Turkey’s President Recep Tayyip Erdoğan (pictured) has declared again that Ankara will intervene to prevent the mass killing and displacement of civilians in northwest Syria by a Russia-regime offensive.
Erdoğan said on Friday of the offensive, which has killed more than 1,500 civilians, wounded thousands, and displaced more than 800,000 since late April, “We will not allow the [Assad] regime’s cruelty towards its people, through its attacking and causing bloodshed.”
He told provincial heads of his ruling Justice and Development Party (AKP), after another 80,000 people were displaced in Idlib Province in 48 hours this week:
[The regime is] continuously threatening our country with migration. Turkey in complete sincerity wants Syria’s stability and security, and to this end, we will not shy away from doing whatever is necessary including using military force.

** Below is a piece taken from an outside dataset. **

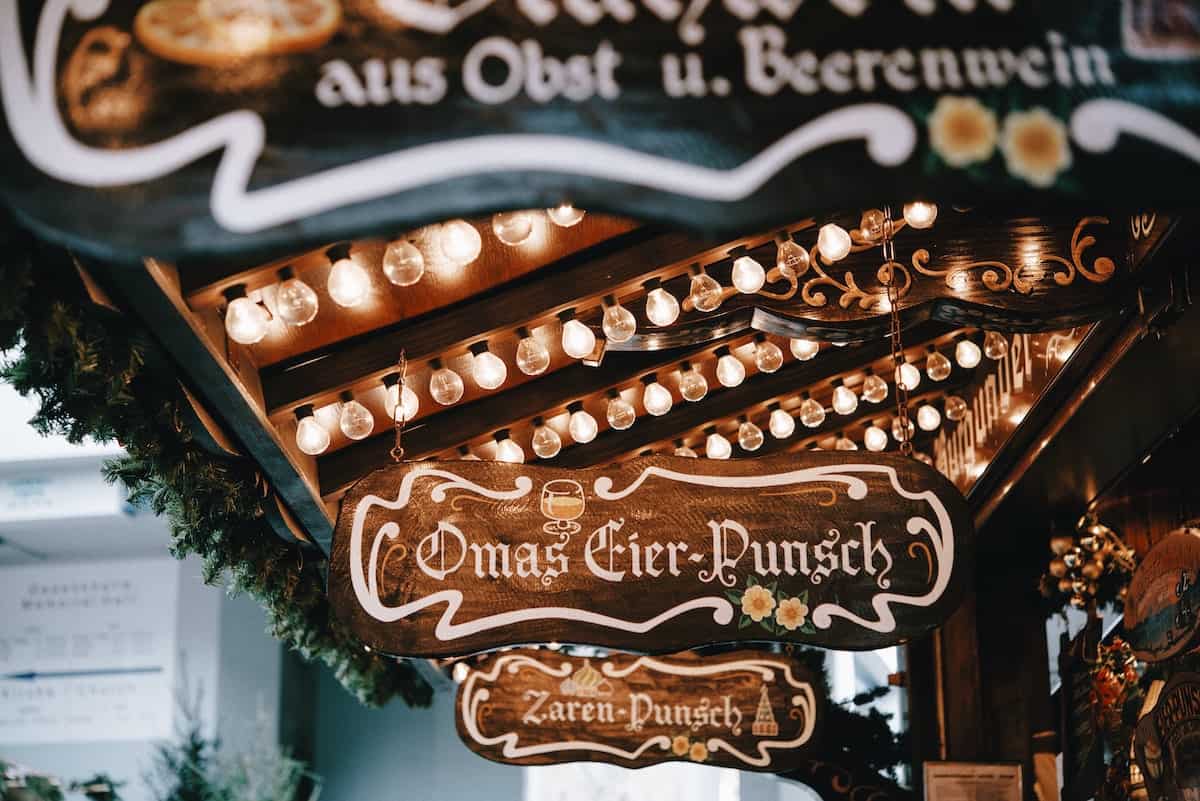 Auf dem Weihnachtsmarkt – Foto: Roman Kraft für Unsplash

Erdoğan has recurrently said that Turkey will use its forces, who have been in northern Syria since August 2016, to check the offensive. He chided Russia by name for the first time on Wednesday, “We have waited until now, but from this point, we are going to take our own actions.”
But Ankara has taken little action to halt the Russian and regime ground and air attacks, which shattered a “de-escalation zone” — declared by Erdoğan and President Vladimir Putin in September 2018 — around Idlib and northern Hama Provinces.

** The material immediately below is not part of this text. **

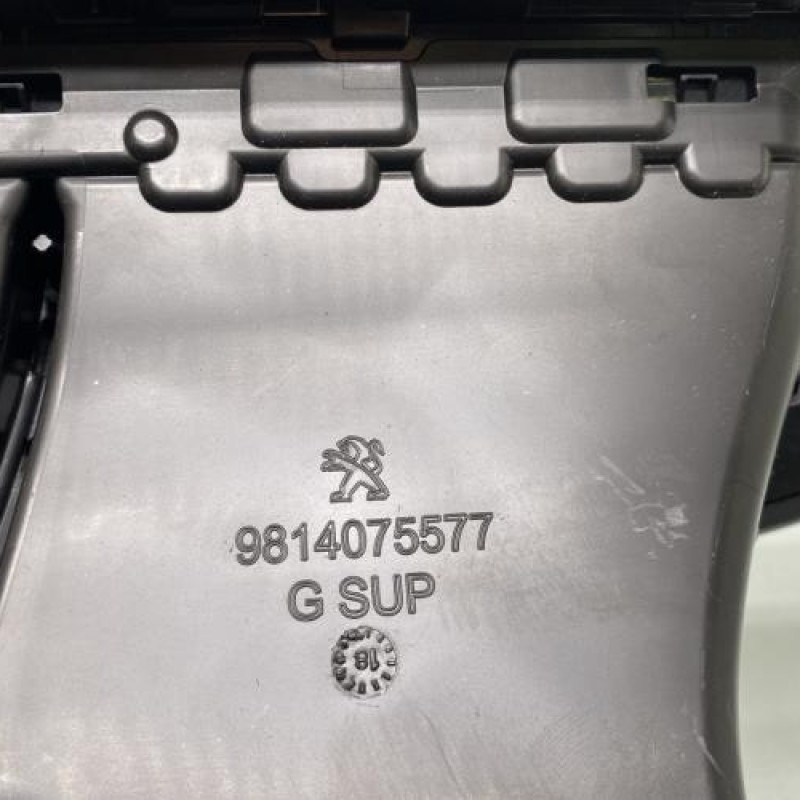 Aerateur tableau de bord PEUGEOT 5008 2 Photo n°4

When Turkey tried to move forces into southern Idlib last summer, putting troops in the way of pro-Assad units, Russia bombed the main highway to prevent the deployment.
Russia and the regime have seized almost all of northern Hama Province and part of southern Idlib, and are also attacking western Aleppo.

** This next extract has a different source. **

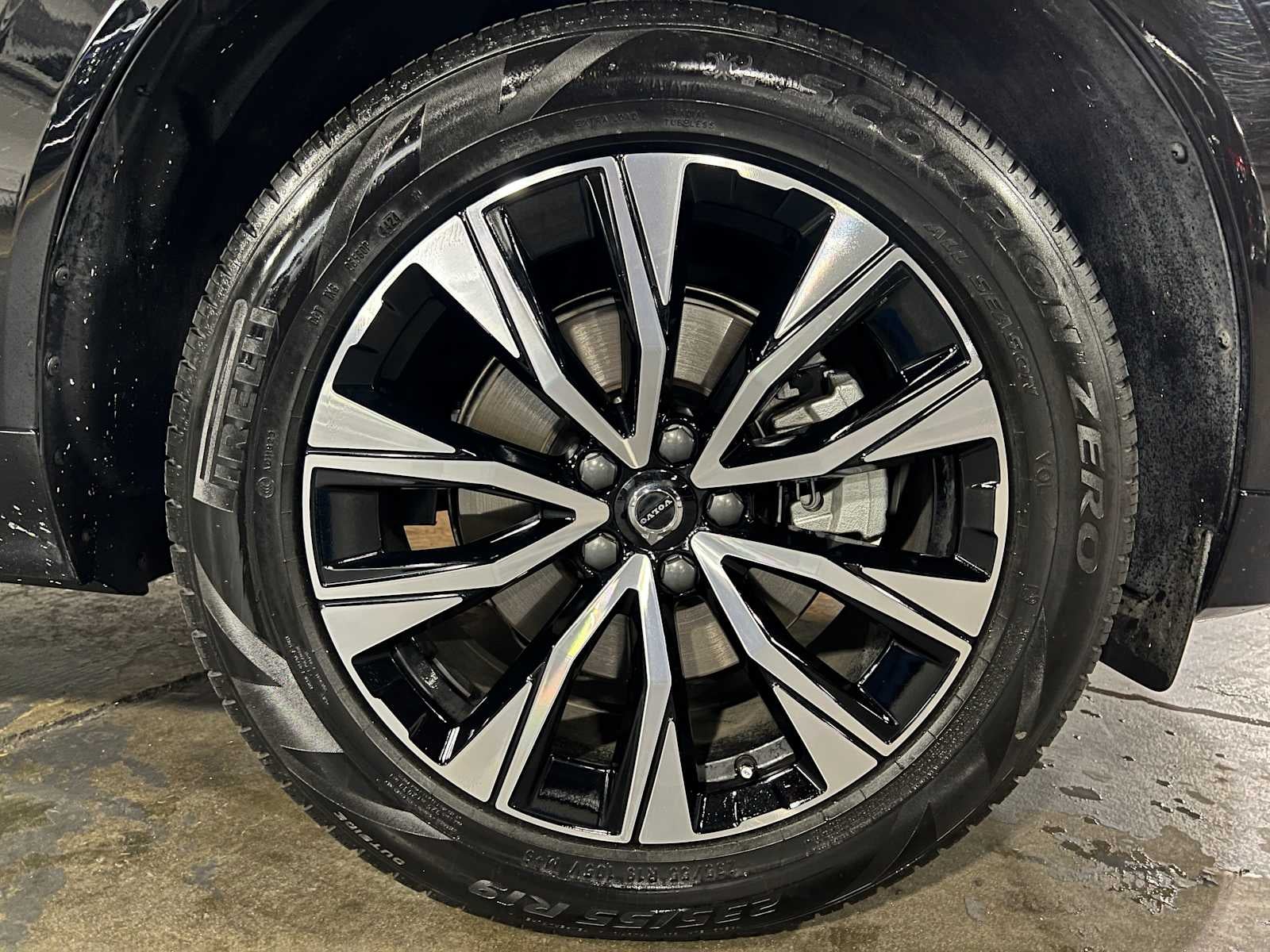 2025 Volvo XC60 Plus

Moscow has periodically announced “ceasefire” and “pause” in military operations, only to break the supposed halt — in the latest case, pushing aside its January 12 announcement within 48 hours.
More than 3 million people — 20% of Syria’s remaining population — live in the greater Idlib area. Turkey hosted more than 3.6 million Syrian refugees, but closed its border in 2016.
The Turkish President said the only solution for Syria was a political process involving all citizens.
But he did not explain how the Astana process — involving Russia, Turkey, and Iran since January 2017 — could be effective when Moscow was putting a priority on military operations alongside the Assad regime.
A UN-brokered effort for a Syrian Constitutional Committee, set up by the Astana talks, has made little progress. The Assad regime’s has refused to deal with many of Syria’s opposition groups and has invoked “sovereignty” and “terrorism” as priorities.